Using instead of disk magnets ring magnets, strong nonlinearities can be generated. The following series in Figure A1 depicts a few simulation cases. Some of shown simulation cases have been validated and proven experimentally.

A.2. Variant of linear 2DoF system

Instead of using linear springs, magnetic nonlinear springs can be used (see also a selection of such spring characteristics in A.1). Using nonlinear springs and making the system nonlinear (instead of having only a linear spring term, we have for each spring also a term of the form β₁ u³ and β₂ v³). The relative response signals of such a system is depicted in Figure A2.

It is interesting, that the relative motion of the 2. DoF is responding with resonance between 19…25.5 Hz.The first degree of freedom has a nonlinear spring hardening behavior, reaching A_pp = 7.9 mm at 25.5 Hz.

A.3. Variant of nonlinear SDoF system

A created tool by the author in Matlab/Simulink has been used to simulate many basepoint excited SDoF or nDoF systems with rotational or translational or mixed structures.

It allows to simulate such systems with constant amplitude or constant acceleration, can handle hard or soft-impact of the oscillating proof mass(es). In addition, one sided spring characteristics can be simulated, see also Figure A3 – a feature that is especially interesting in relation with magnetic springs.
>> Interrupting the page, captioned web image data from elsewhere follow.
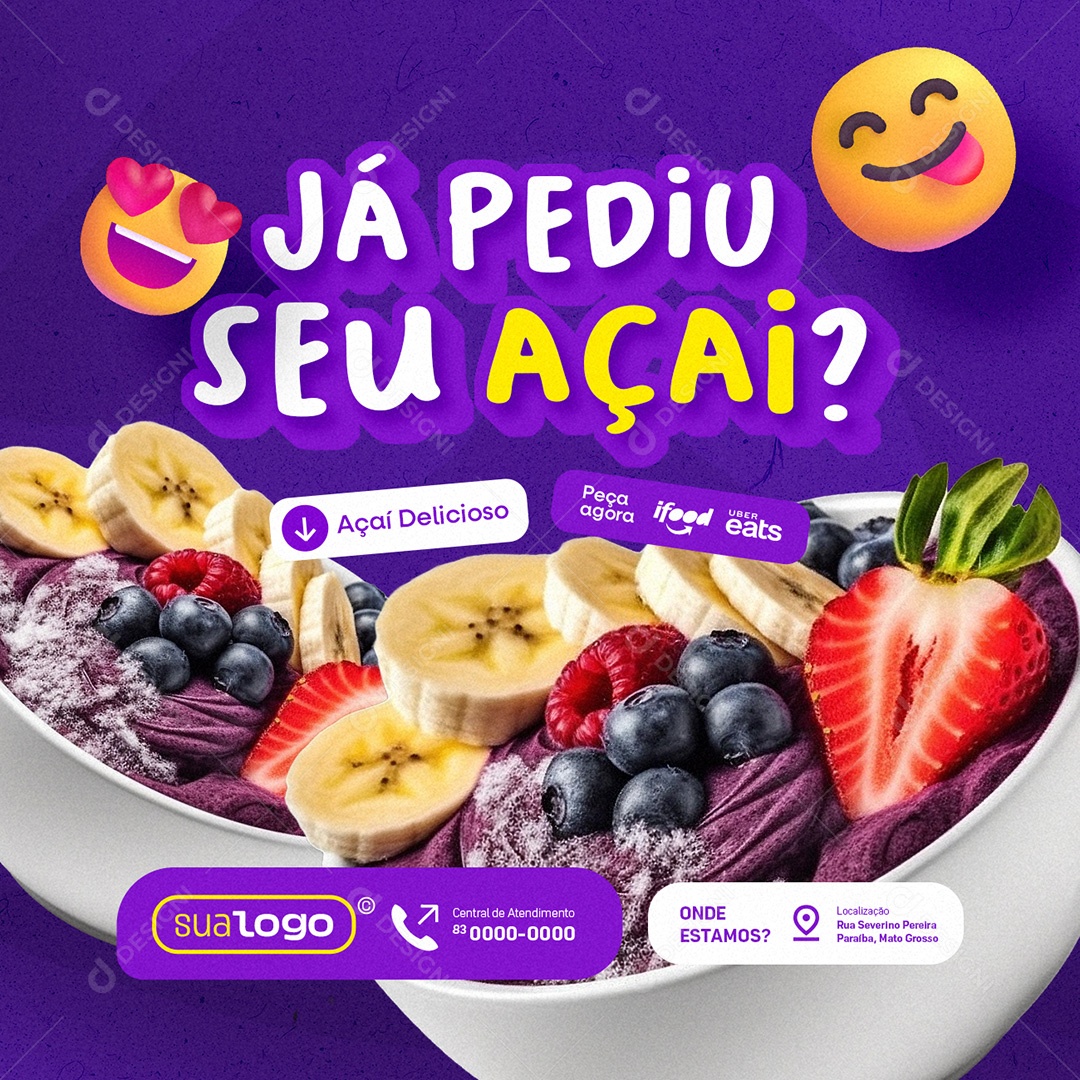 Açaiteria Já Pediu seu Açaí Peça Agora Social Media PSD Editável
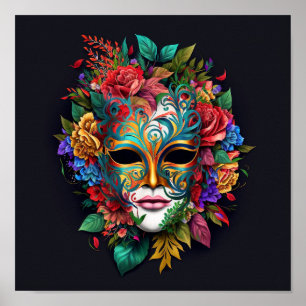 Floral Braziliaans carnival Masker Poster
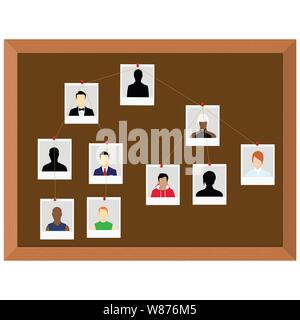 Detective board. Police officer evidence photo check board with sticky ...
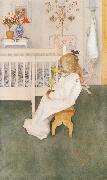 Carl Larsson Lisbeth in her night Dress with a yellow tulip Spain oil painting artist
Main disadvantage of such one-sided bound springs is the fact, that they need to be installed upright. The behavior of such a one-sided magnetic spring is depicted in Figure A3. It has a frequency response similar to a softening spring. The maximal amplitude of 3.65 mm occurs at 17.5 Hz (the two-sided classical hardening magnetic spring reaches an amplitude maximum of 4.3 mm at 27 Hz). Such a spring system could also be analytically described, by introducing for example continuous piecewise functions.